In the discussion that follows the healing of a crippled woman in the synagogue, Jesus ends by revealing the woman’s unique identity: she is a daughter of Abraham (v. 16). It is fitting that her true identity should be revealed on the Sabbath. With Jesus we are not on the level of “what we ought to do and not do”, as the leader of the synagogue argued (v. 14), but on the level of “who we ought to be or not be,” of who we truly are.

The leader of the synagogue referred to God’s commandment about the Sabbath in Exodus 20:9-11. Jesus, however, answers along the lines of the same commandment in Deuteronomy 5:13-15, which explains: “... so that you may rest, and remember that you were once a slave in Egypt, and that the Lord your God brought you out from there.” That is why the woman had to be “released” from her slavery precisely on the Sabbath. Thus she becomes a living sign, which recalls God’s deliverance today.

What does resting in God mean? First of all, it means to remember. It means seeing our life in another light than what we produce, seeing instead what God achieves, especially through our weakness. For the people of God it meant to remember their time of slavery. For us it can mean that the memory of our inner wounds will make us more human, that it will open us to see God’s goodness towards us and others and will help us (re)discover our true identity.

The crippled woman had to be “released”. From what do we need to be released, so that we may become who we truly are?
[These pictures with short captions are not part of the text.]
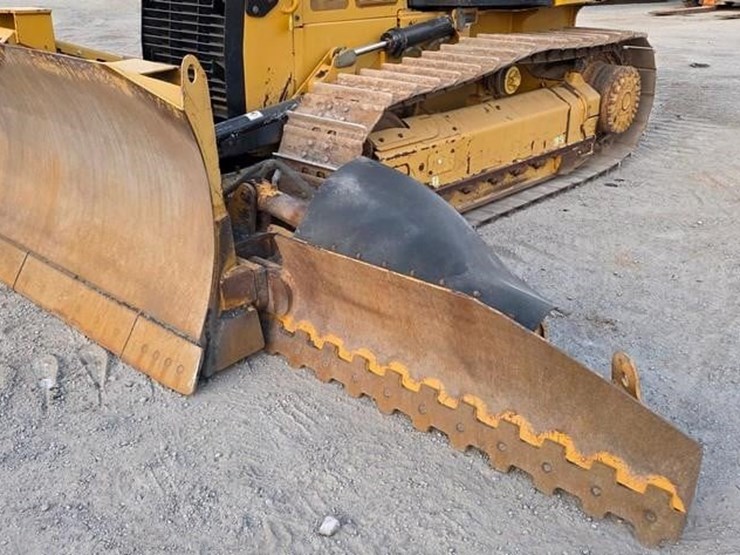 2017-caterpillar-d5k2-xl-image-6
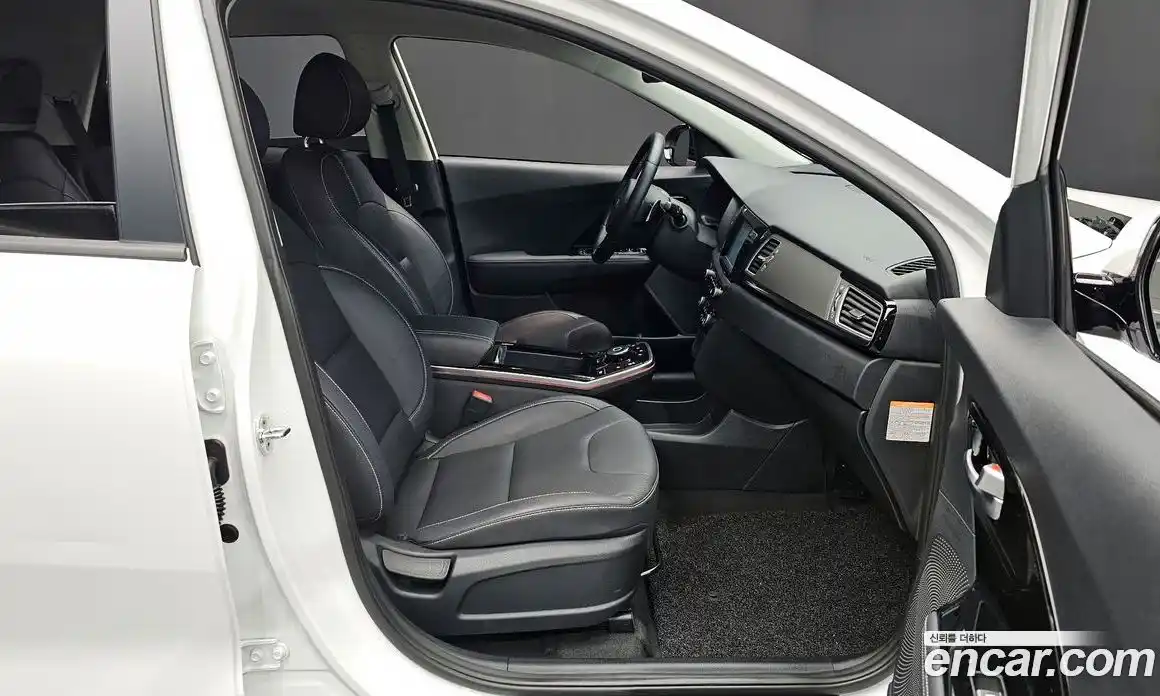 Kia Niro 2020 0.2 Автомат в Москве № 51063, фото 11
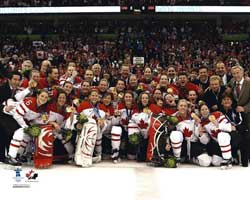 TEAM CANADA WOMEN CELEBRATES GOLD IN VANCOUVER 8X10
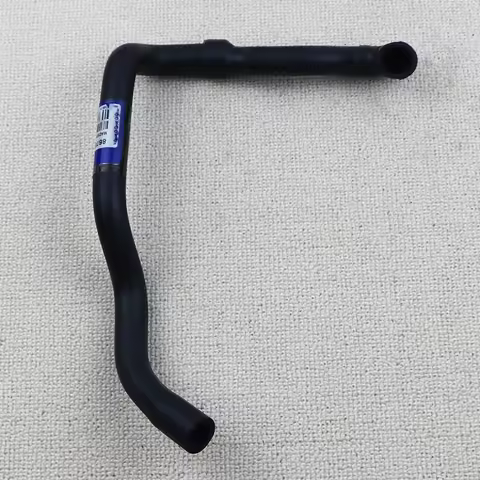 8670008 For Volvo C30 C70 V50 V60 XC60 S40 2.5L-L5 2004-2011 Car Engine Crankcase Breather Hose 8670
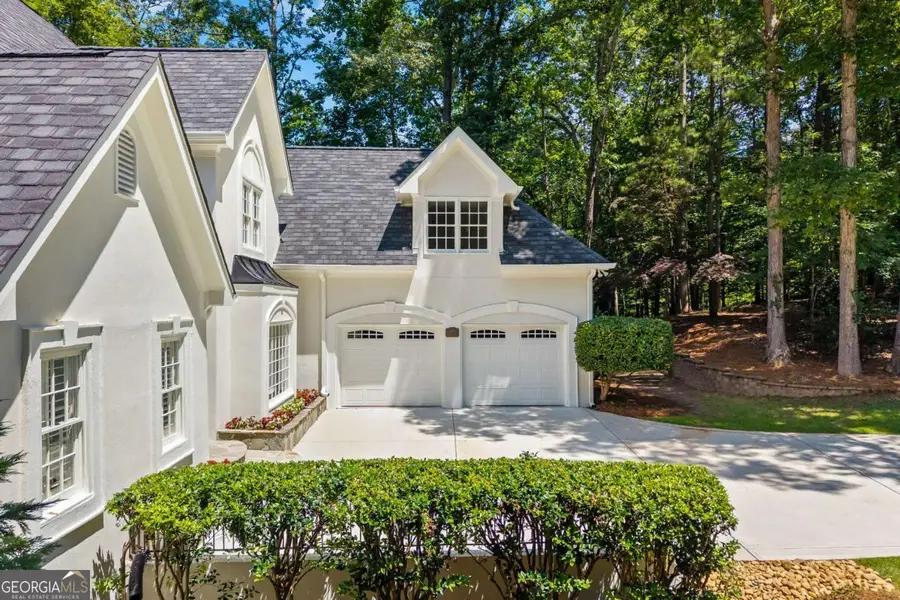 12180 Lonsdale Lane, Roswell, GA 30075 - Image #2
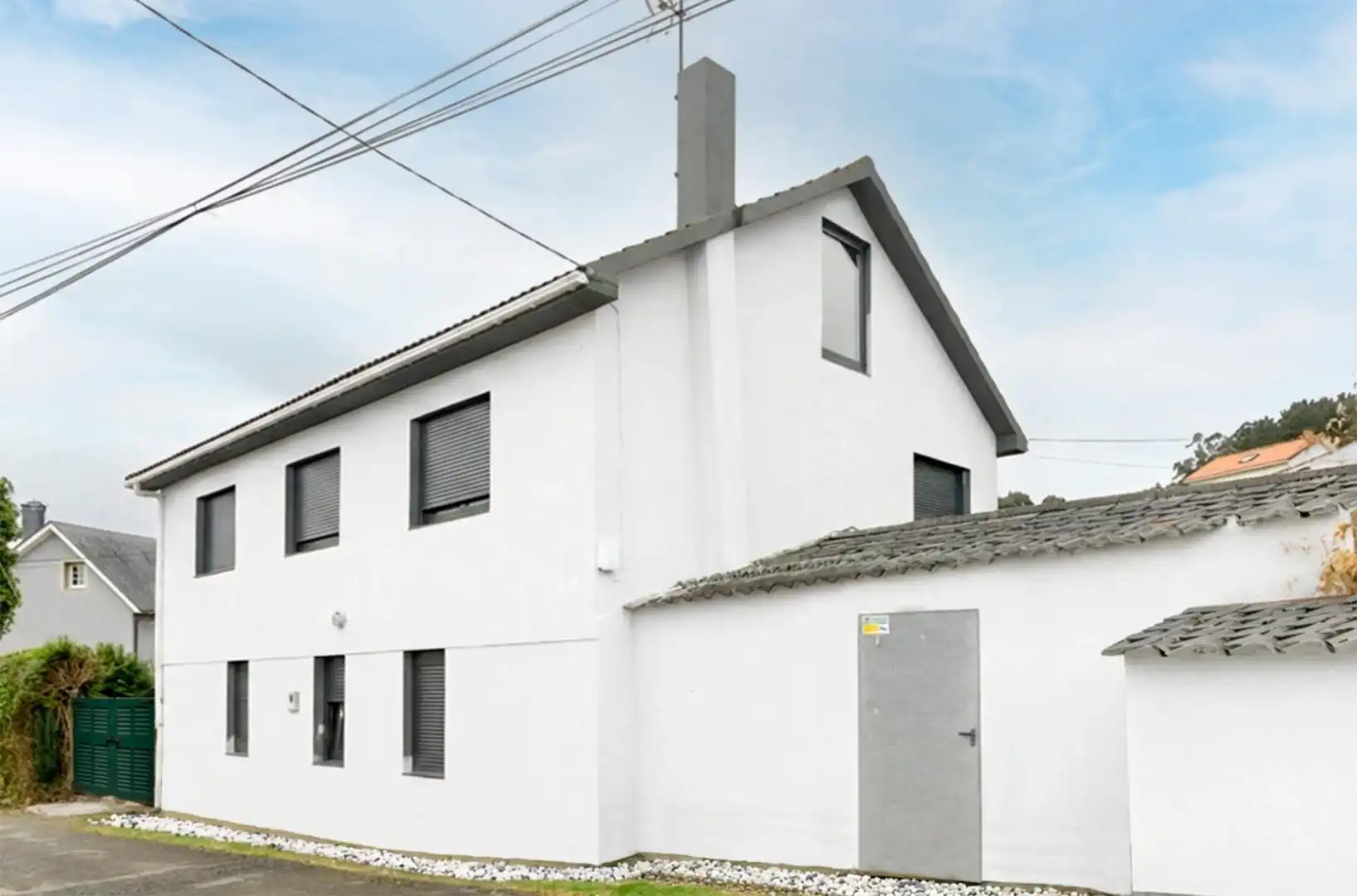Exterior view of Houses for sale in Carballo  with Private garden, Parquet flooring and Furnished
Often we have to be released from doing “too much”. Instead of asking ourselves what more should we do, is not the question rather: how can we do less, so that we become free for what is more essential? The temptation can be to want to do more and more, because we are afraid that we never do enough, or we are afraid to say “no”, not wanting to disappoint anyone. Or else we want to do everything by ourselves, and not to entrust anything to other people. However, we are invited not to do more, but, like the crippled woman, to be more, to love more.

- What space can I find in my daily life to pause, to remember, to rest in God?

- From what do I need to be “released”? Among all the activities I have, which ones should I let go of?